Amateur armed with ChatGPT solves an Erdős problem

Model capabilities and tiers

  • Multiple commenters note that the free ChatGPT tier (gpt‑5.4‑mini) feels heavily constrained and more hallucination‑prone, while paid “thinking” models (e.g., 5.5 Pro) can spend 20–80 minutes on a response and are qualitatively different products.
  • Longer “thinking” is described as expensive inference-time compute, hence gated behind higher‑priced plans and API usage.
  • Some report that Gemini reaches ~90–95% of ChatGPT Pro’s solution quality with far fewer tokens and much less thinking time.

Nature of the proof and verification

  • The raw proof from the model was described (in the article and thread) as messy and hard to parse; experts were needed to extract and shorten the core idea.
  • Several participants stress that formal verification (e.g., in Lean) is much harder than writing an informal proof, and that non‑experts cannot reliably check either the English proof or its formalization.
  • Others point out that human papers also require significant expert time to verify and often have opaque notation and gaps.

Intelligence, creativity, and “just text prediction”

  • One camp argues that solving a previously open Erdős problem with a novel technique is strong evidence of real intelligence and creativity, even if produced by a statistical next‑token model.
  • Another camp insists these models remain “just text generators,” comparing them to calculators or automated theorem provers doing large search, and invoking shifting definitions of intelligence.
  • There is debate over whether applying a known formula in a new context counts as creativity; many argue that cross‑domain recombination is precisely what a lot of human “creative” work is.

Brute force, reasoning, and prompts

  • Some attribute success to a kind of powerful “brute force educated guessing” over a huge learned corpus; others reject the brute‑force characterization, emphasizing visible hypothesis‑driven reasoning.
  • Prompt phrasing (e.g., “don’t search the internet,” “non‑trivial, creative and novel proofs”) is suspected to significantly shape the model’s search behavior; prompt sensitivity is widely acknowledged.
  • Because outputs are stochastic, it’s unclear whether earlier models could have solved the problem but didn’t under prior prompts.

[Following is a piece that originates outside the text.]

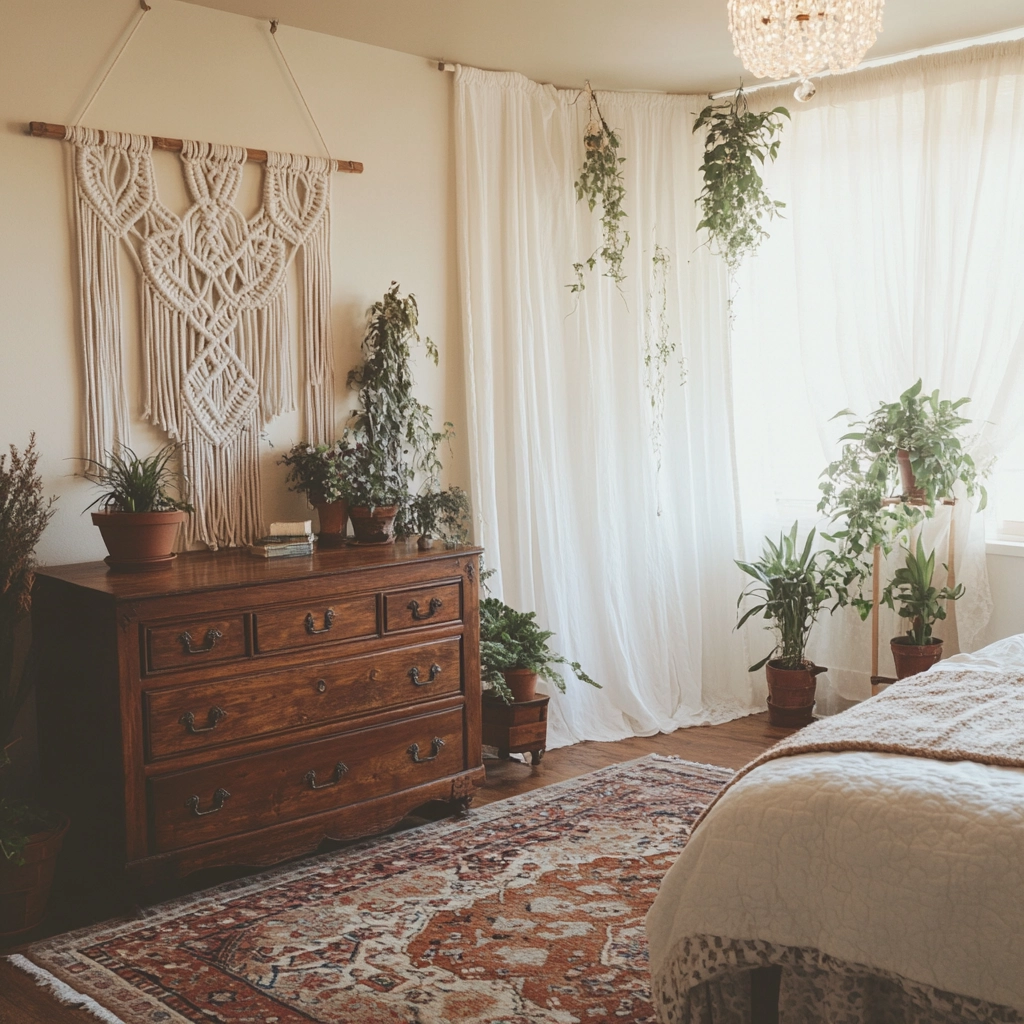 farmhouse girl bedroom 6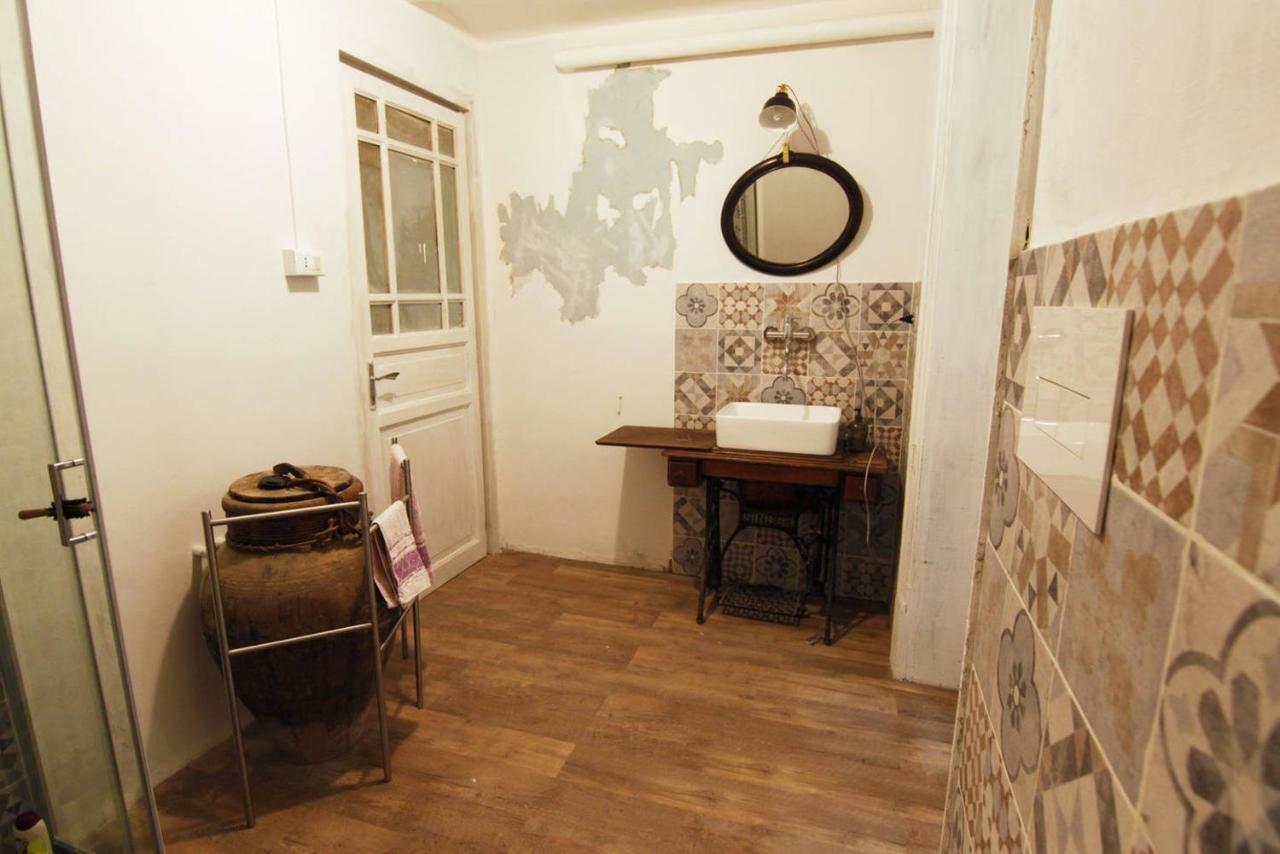 Artisan Maison Palermo Buitenkant foto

Cost, access, and democratization

  • Commenters worry about the token and energy cost of such long runs and whether only well‑funded actors will benefit as models scale.
  • Others counter that going from needing a top specialist to needing a motivated amateur plus a $100–$200/month tool is already a major democratization, though global affordability remains contentious.

Impact on mathematics and tooling

  • Many see LLMs as promising “weird collaborators” that can propose unconventional approaches and cross‑apply techniques between subfields.
  • There is interest in math‑specific “harnesses” that combine LLMs with tools like Python, Sage, and Lean, and in systematically running new models against curated lists of unsolved “dry lab” problems.
  • Some caution that prior “AI solved an Erdős problem” claims have later reduced to rediscoveries, so formal and community verification remains essential.